Staying cool when things heat up
Whether you’re in an indoor cycling class or at home on your trainer, riding indoors is a very hot and sweaty endeavor, which is one of the key issues Shimano set out to address with the IC5 shoes. They appear to have borrowed heavily from triathlon shoes to do it.
Given that you start the bike leg of a triathlon after the swim, you’re typically a bit damp and tri shoes have been designed with wet feet in mind. The IC5 shoes are similar in that the upper is made from a highly breathable, and quick-drying mesh. Again, like tri shoes, these shoes can comfortably be worn without socks. And while it feels a little off to wear cycling shoes without socks, I found it made a small difference in how hot my feet felt, while on the trainer. Point a fan at your feet and you’ll notice the shoes’ ventilation.
And, because they’re designed to be worn without socks, they have a sock-like design of their own. Using the pull tabs on the top and heal, you’ll slide these shoes on, just like a pair of socks. The soft upper has some stretch and give, making them comfortable for bare feet.

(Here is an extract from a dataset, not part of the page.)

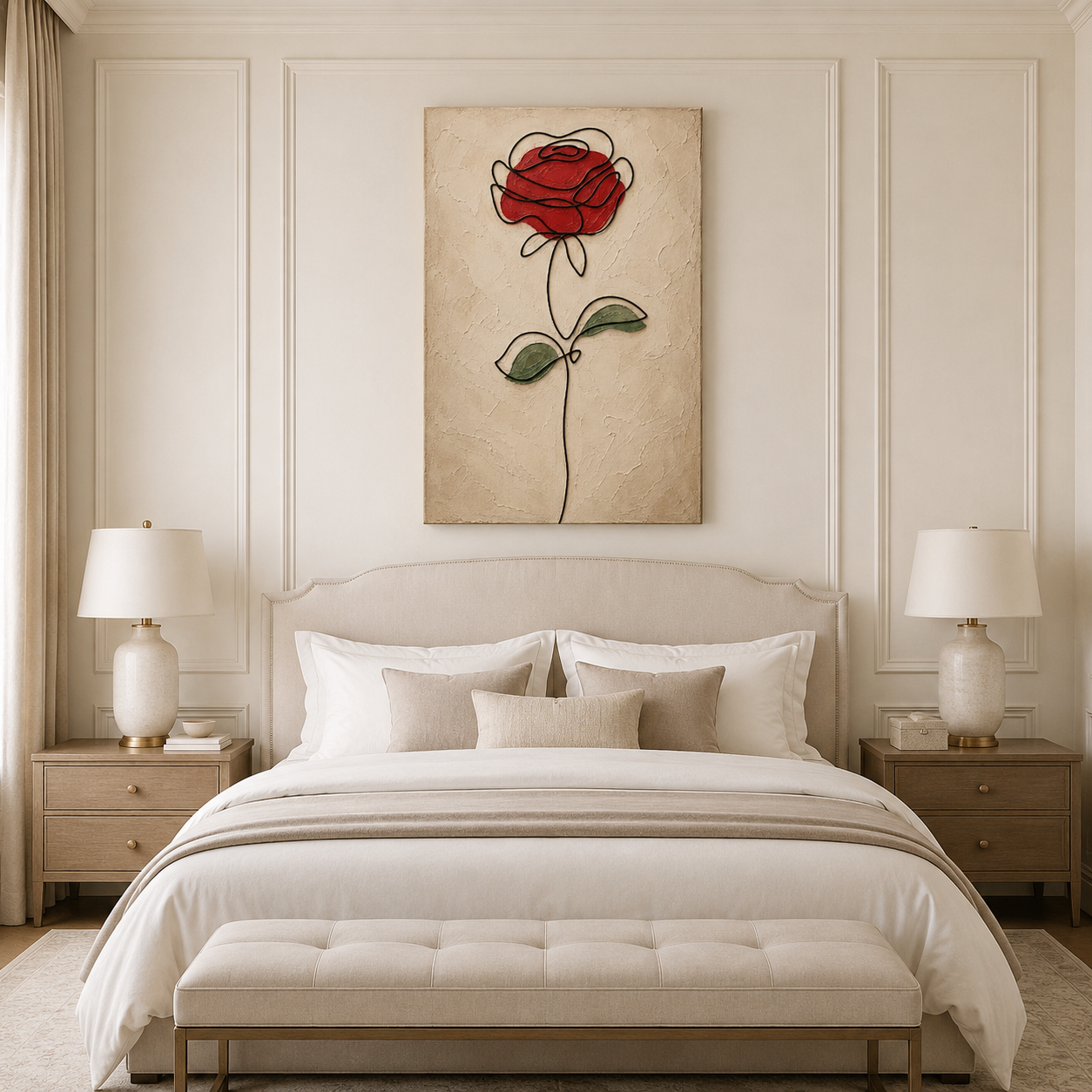 Red Rose Minimalist Canvas Painting #Kiss 176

A single BOA L6 dial lets you easily adjust the fit, but rather than BOA’s usual nylon or steel cabling, the IC5 shoes use a textile lace that has a fair bit of elasticity. While that likely helps significantly with the price point, I do wonder about the longevity and durability of that material choice, and if constant tightening will decrease the life or durability of the lace.
Walk with confidence
In order to improve walkability, Shimano provided a recessed cleat channel and added a grippy rubber layer to the entire length of the sole. Admittedly, I haven’t been to any gyms recently, and most of my house is carpeted, but walking around my kitchen, the rubber sole feels grippier than many of the materials I’ve experienced on mountain bike shoe treads. The cleat recess is adequate, preventing you from walking directly on the cleat, skating across hard surfaces, and scratching up the flooring. And, just like your mountain bike shoes, the recess in the sole easily allows the cleat to interface with your pedal.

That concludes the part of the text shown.